Almost Everything you wanted to know, or did not want to know about speakers

Thanks for clearing it up Freq Labs :D

I'll elaborate on speaker power ratings, since freq labs already brought it up.

"If "pink" is meant to be "pink noise" then it has no specific frequency, see here. I've never heard of any other pinks relating to audio."

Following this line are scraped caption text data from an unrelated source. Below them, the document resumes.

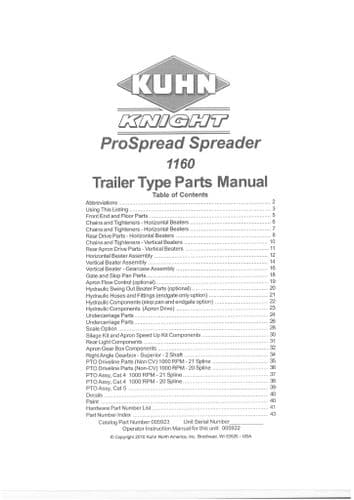 Kuhn Knight ProSpread Spreader 1160 Parts Manual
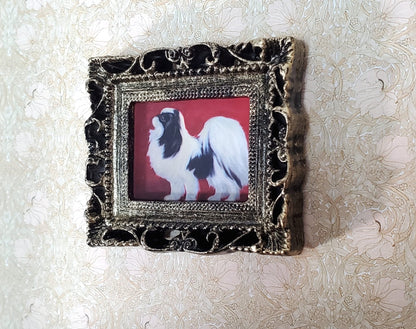 Miniature Japanese Chin Framed Dog Print 1:12 Scale Dollhouse Original Artwork - Miniature Crush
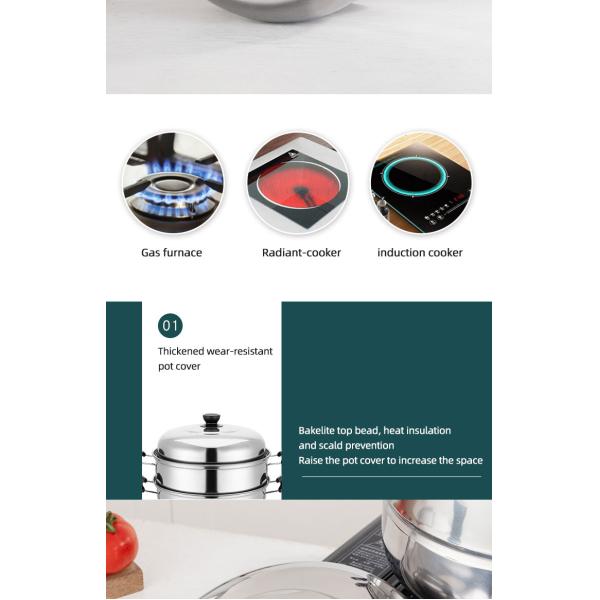 Best Selling Customized Logo 3 Layer induction 10-inch Stainless Steel Steamer Pot with Anti-Heat Handle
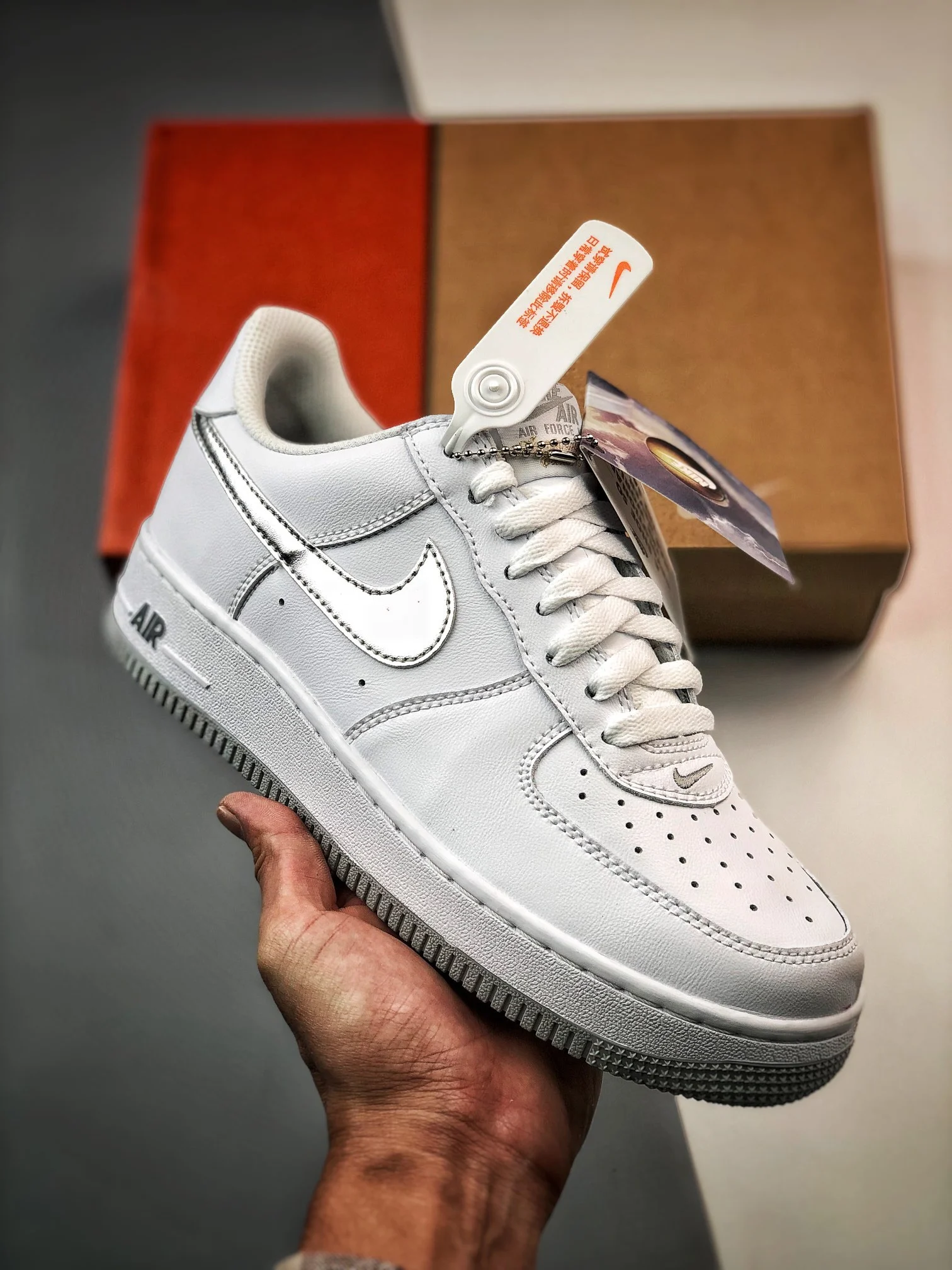 Nike Air Force 1 Low Color of the Month Silver Swooshes DZ6755-100 For Sale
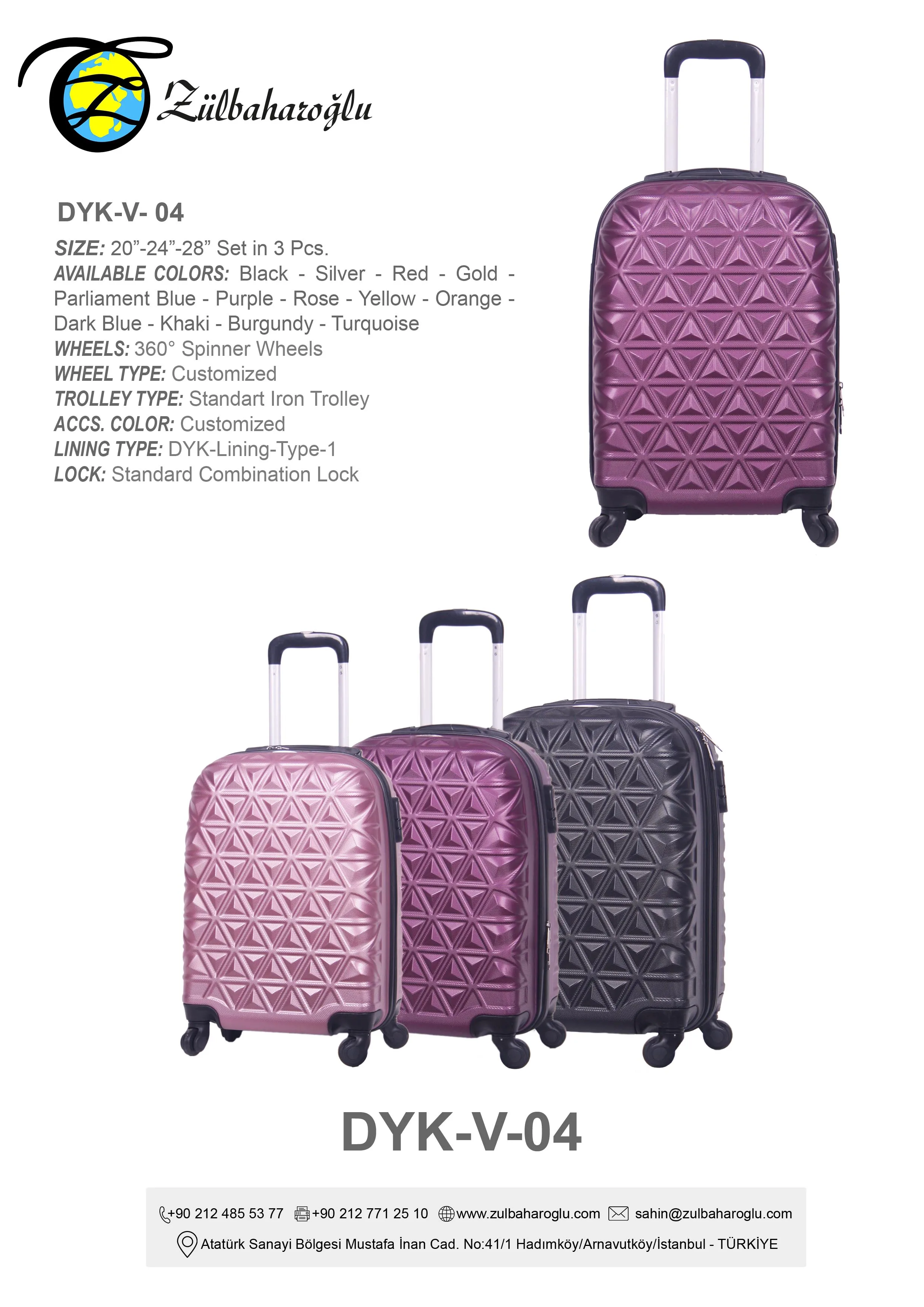 Factory Wholesale Made In Turkey Custom Suitcase Luggage 3 Pcs Valise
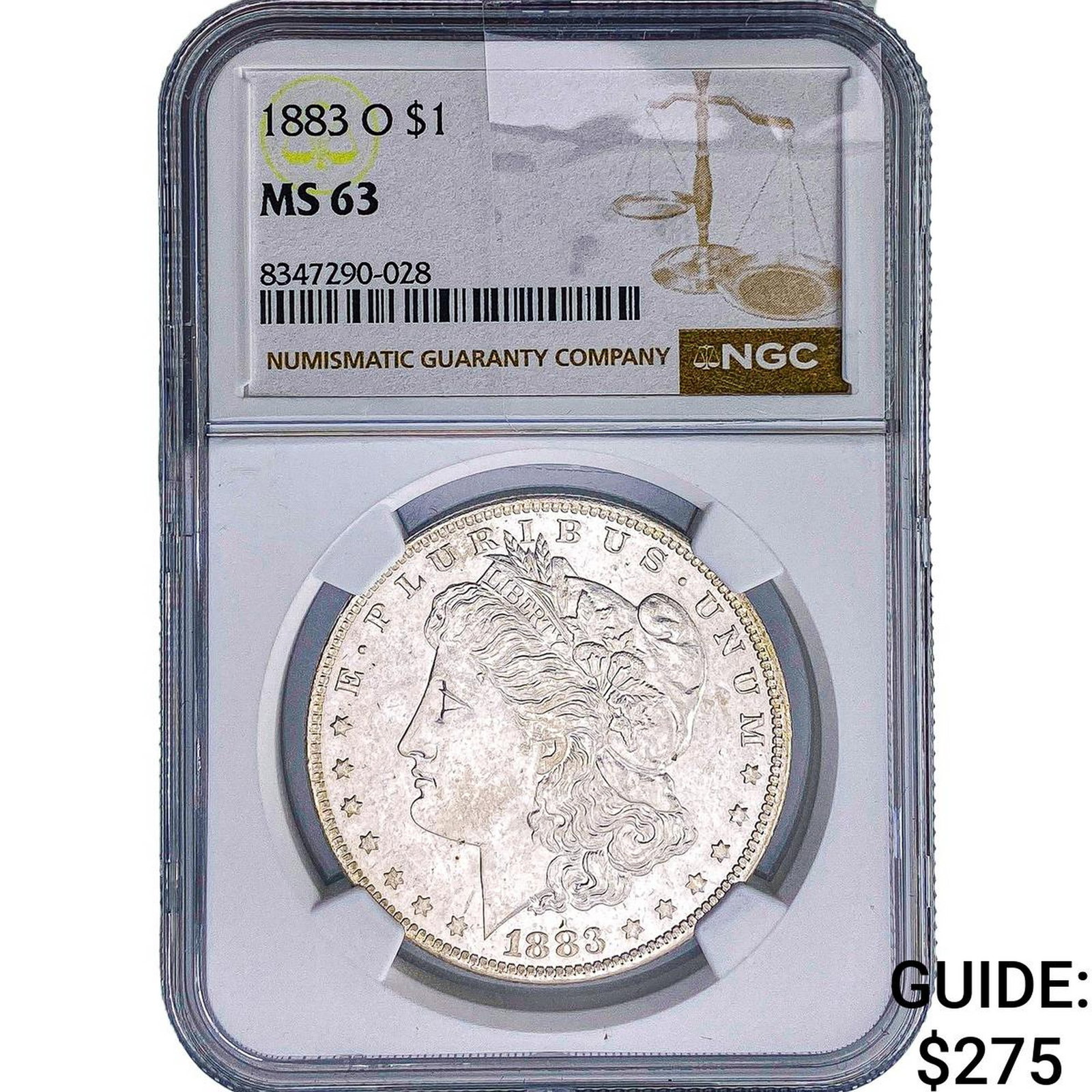 1883-O Morgan Silver Dollar NGC MS63: 1883-O Morgan Silver Dollar NGC MS63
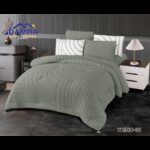 طقم لحاف شتوي (4 قطع) بالحجم المفرد ونص موديل تريند Trind-02 لون أخضر فاتح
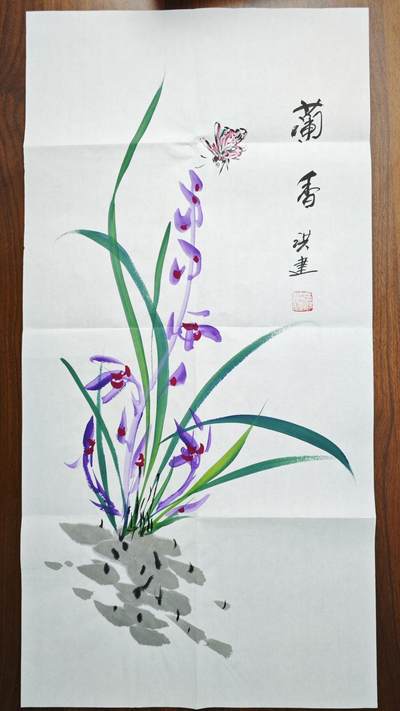 白泽拍卖卡牌手绘专场第24期（持续征集ING，白露暧秋色，月明清漏中） - 2025 洪堇手绘画 兰香 尺寸：35cm*69cm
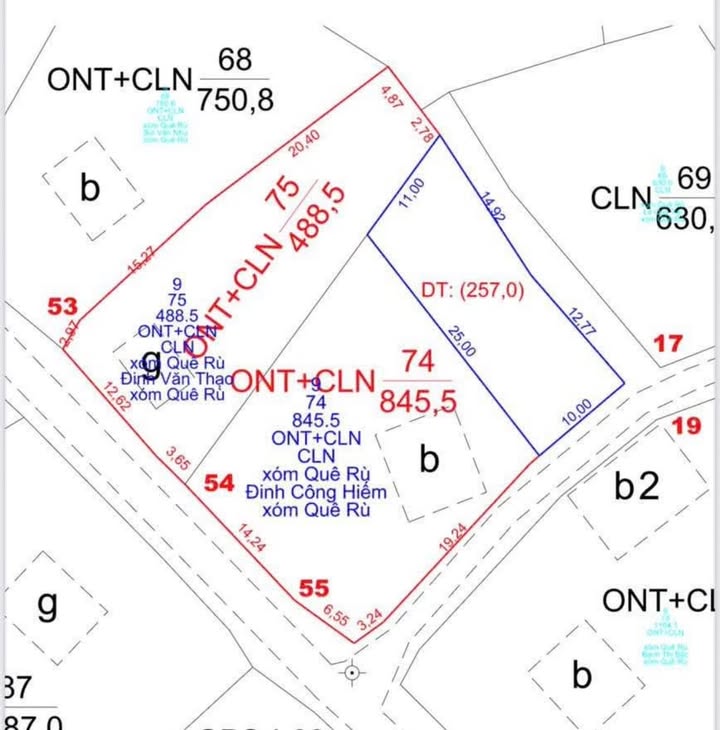 Đất thổ cư Vĩnh Đồng, Kim Bôi 257m² giá 771 triệu - Lô góc hai mặt tiền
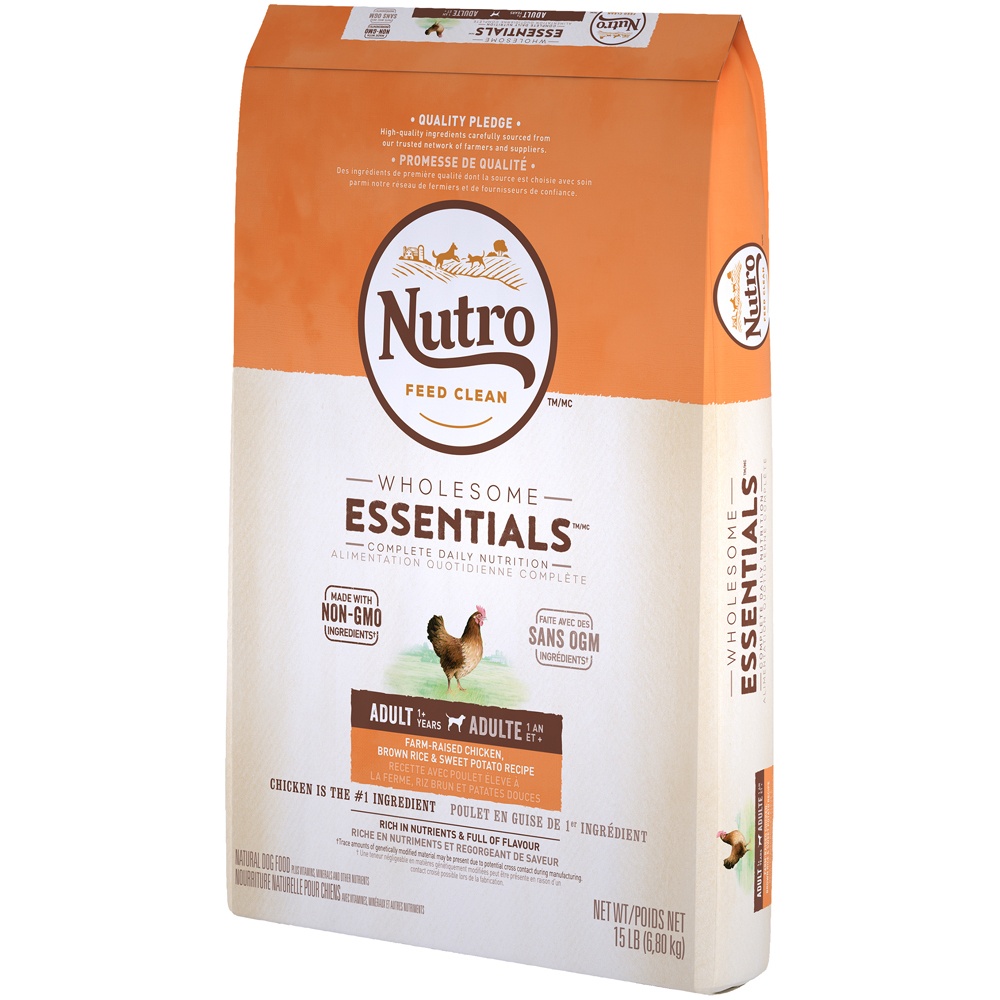 slide 10 of 10, Nutro Wholesome Essentials Adult Chicken Rice Dry Dog Food, 15 lb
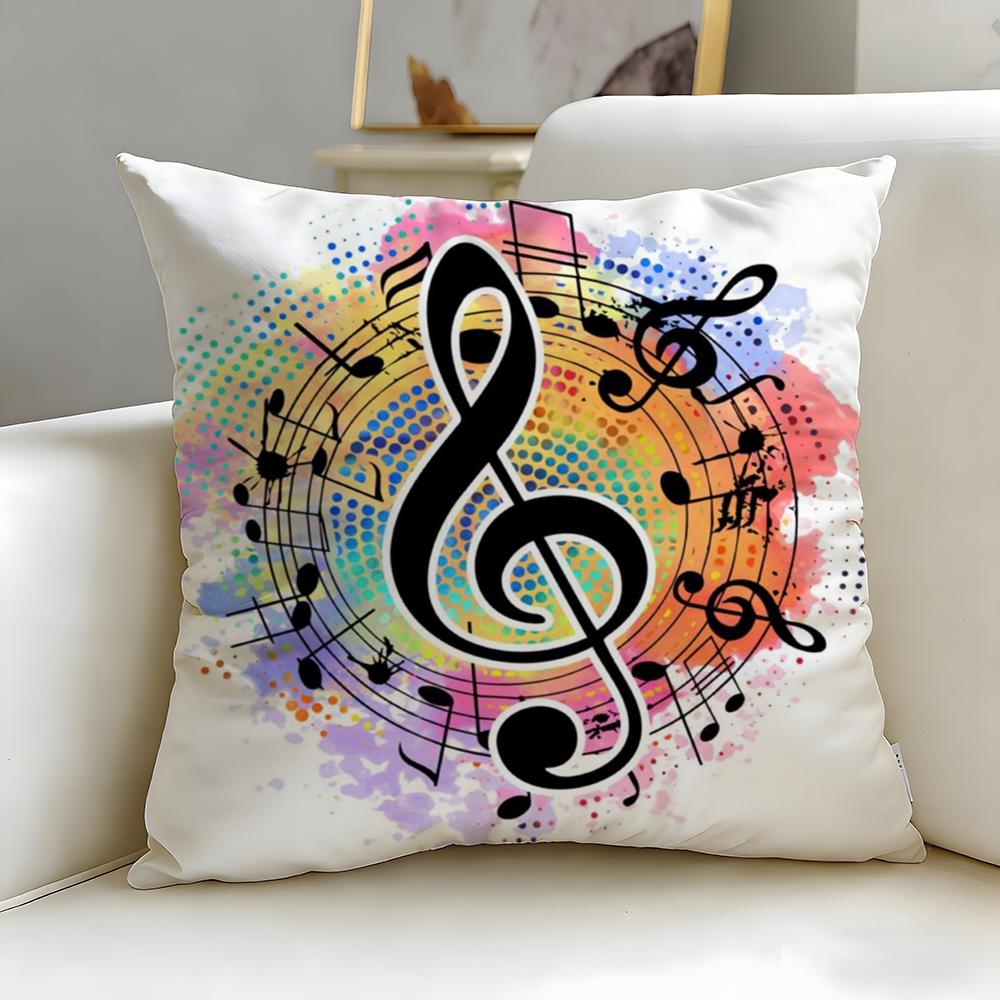 classic music theme Sheet Music Cushion Cover Soft  EasyWash Pillow Case  Versatile for Couch Bed Travel and Office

Yes, exactly. And as far as we are talking about the thermal power ratings of speakers or loudspeaker elements, the actual frequency isn't a concern. Thermal power rating is what loudspeaker manufacturers usually quote, and in home audio it isn't of consequence. In PA applications, where loudspeakers are often designed to output the most sound pressure for the money, this power rating can mean something. That is, in those applications it is _sometimes_ the case, that voice coil overheating and melting is the limiting factor.

 

In home audio, where loudspeaker designs need not output high levels of sound to big concert halls, speakers are designed to have extended frequency response to the lower octaves. In PA application a 15" element might reproduce frequencies down to 40-50 Hz, a 6.5" midbass element (often augmented with reflex port) can be tuned to have usable output to the same 40 Hz or even lower. This is where the excursion or linear travel of the driver becomes the limiting factor, in thiele-small parameter sheets of drivers, this is often termed xMax. For every octave you go down in frequency, twice the displacement (the amount of air moved) is needed. And since the area of the cone of loudspeaker element stays the same, it is the amount the cone moves that needs to be doubled for every octave. So if at 160 hz an element needs to move +-2mm to produce 90dB(spl), at 80 Hz that is 4mm, at 40 Hz it's 8mm and at 20 Hz it's 16mm.

 

So what is limiting the cone to move +-16mm at will? The way dynamic loudspeakers work (that's the ordinary loudspeaker) is a voicecoil, or just coil that is suspended in a magnetic gap. Just in the same way an electric generator produces current from moving magnets against a coil of wire with inductance, the loudspeaker element produces mechanical movement from a changing current the amplifier provides. Magnet's aren't cheap though, and you need dense magnetic flux to have good efficiency. This done by directing the magnetic flux using ferromagnetic materials (iron is a good, cheap one) to a small magnetic gap. The voice coil sits suspended in this gap until it's exposed to a changing current, which it will try to resist by storing the energy into it's own magnetic field, resulting in motion as two magnetic fields repel and attract each other.

 

But, as soon as the voice coil partially leaves the magnetic gap, the force acting on it diminishes, resulting in distortion. There are two ways loudspeakers are constructed to counteract this. One is called underhung and the other overhung. These are basically like this,

 

---- magnetic gap ----

       underhung

---- magnetic gap ----

 

     ---magnetic gap---

o     v    e     r    h    u    n    g

     ---magnetic gap---

 

So as you can see, in both cases, the voice coil does not need to leave the magnetic gap even partially to allow some movement. But just as clearly, there is a only finite travel possible. Due to real world limitations (such as cost) we can't make the magnetic gap as large as we'd want, and for maybe less obvious reasons we neither can make the voicecoil arbitrarily long. The most important reasons for the latter is 1. lengthening the coil increases inductance  (duh) to the point where the voice coil becomes too good of a inductor, meaning huge amounts of voltage would be needed to drive the element at higher frequencies at all and 2. the voice coil is part of the moving mass, increasing the force needed to accelerate the damn thing.

 

As a general physics sidenote, these two are actually very much related, since it turns out inductance is the electrical equivalence of (mechanical) mass. Just as mass resists acceleration and tends to go keep moving once it's going, inductance does the same for current. As long as current in a circuit is in steady-state inductors are happily conducting, but as soon as it changes, they will resist it. In fact, you can model whole loudspeaker systems in a program like electronics workbench just by carefully adding the electronical equivalents of the loudspeaker voice coil mass, cone mass and such, along with self-damping properties with resistance and spring-forces with capacitance. This how the old analog computers were used to.. say calculate resonance frequency of a bridge. Just add the equivalent amounts of capacitance, inductance and resistance and see what output looks like with different input frequencies.

 

TL:DR,

Don't care about speaker power ratings, in home audio they are almost completely useless. Go listen to some speakers and pick the ones you like the most.